É a primeira vez que se observa um efeito como este fora do grupo dos mamíferos, com a particularidade de aqui existir um macho prenho. No entanto, já havia suspeitas que a reprodução desta espécie pudesse ter características especiais. Um trabalho anterior, publicado na revista Nature, tinha demonstrado que os machos que já tinham acasalado com fêmeas grandes produziam menos embriões quando, depois, acasalavam com fêmeas mais pequenas. Mais uma vez, punha-se a hipótese de se tratar de uma poupança de recursos para investir num acasalamento com uma fêmea grande e vistosa.
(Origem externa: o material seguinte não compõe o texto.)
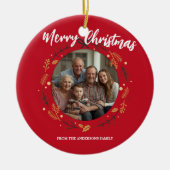 Simple red Christmas Wreath Photo Family name Keramisch Ornament (Voorkant)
Parto de uma espécie de marinha, diferente da que esteve na origem deste estudo, partilhado pela Poseidon Aquatics, uma empresa que vende peixes de aquário

Desde o mestrado e, depois, durante o doutoramento, Nuno Monteiro estuda várias espécies de marinhas, em particular as mais comuns no Norte de Portugal (Nerophis lumbriciformis e Syngnathus abaster). “Na altura fiquei fascinado com o fenómeno de gravidez masculina e a reversão dos papéis sexuais”, conta o investigador. Durante muito tempo julgou-se que a seleção sexual acontecida antes da cópula, com as fêmeas (ou, neste caso, os machos) a escolherem os parceiros que lhes pareciam mais fortes, mais vistosos ou melhor adaptados. Mas a investigação tem demonstrado que existe seleção sexual pós-cópula. “Sempre imaginei que, dada a complexidade do fenómeno da gravidez masculina, deveria existir algum mecanismo de seleção sexual pós-cópula que ainda não havia sido descoberto.”

“Se um macho tem a capacidade de exportar nutrientes para os embriões em desenvolvimento no marsúpio [bolsa], deveria ter também a capacidade de o modular, caso isso fosse benéfico em termos de sucesso reprodutivo”, acrescentou o investigador.

No futuro, Nuno Monteiro quer compreender com detalhe o efeito “mulher de vermelho”, como os picos hormonais e os genes a serem expressos ou reprimidos quando comparados com uma gravidez normal. Mas para isso precisa de financiamento. Coisa que não tem sido fácil. Foi exatamente por não ter conseguido financiamento em 2010 e 2011 (e agora em 2018) que a equipa teve de limitar o projeto de investigação àquilo que era possível fazer sem apoios.

Mas por que é importante estudar a reprodução deste grupo de animais? “Essa é uma pergunta difícil de responder, para a qual nunca estamos preparados”, admite o investigador. “Em termos de biologia evolutiva, é importante a descoberta de um novo mecanismo de seleção”, refere, pensando na importância que tem para a ciência. Mas acrescenta que a gravidez dos peixes machos tem muitas semelhanças com as dos mamíferos com placenta, como o homem, incluindo no tipo de genes envolvidos. “Estas criaturas podem ser modelos muito interessantes para uma nova visão sobre a gravidez e desenvolvimento.”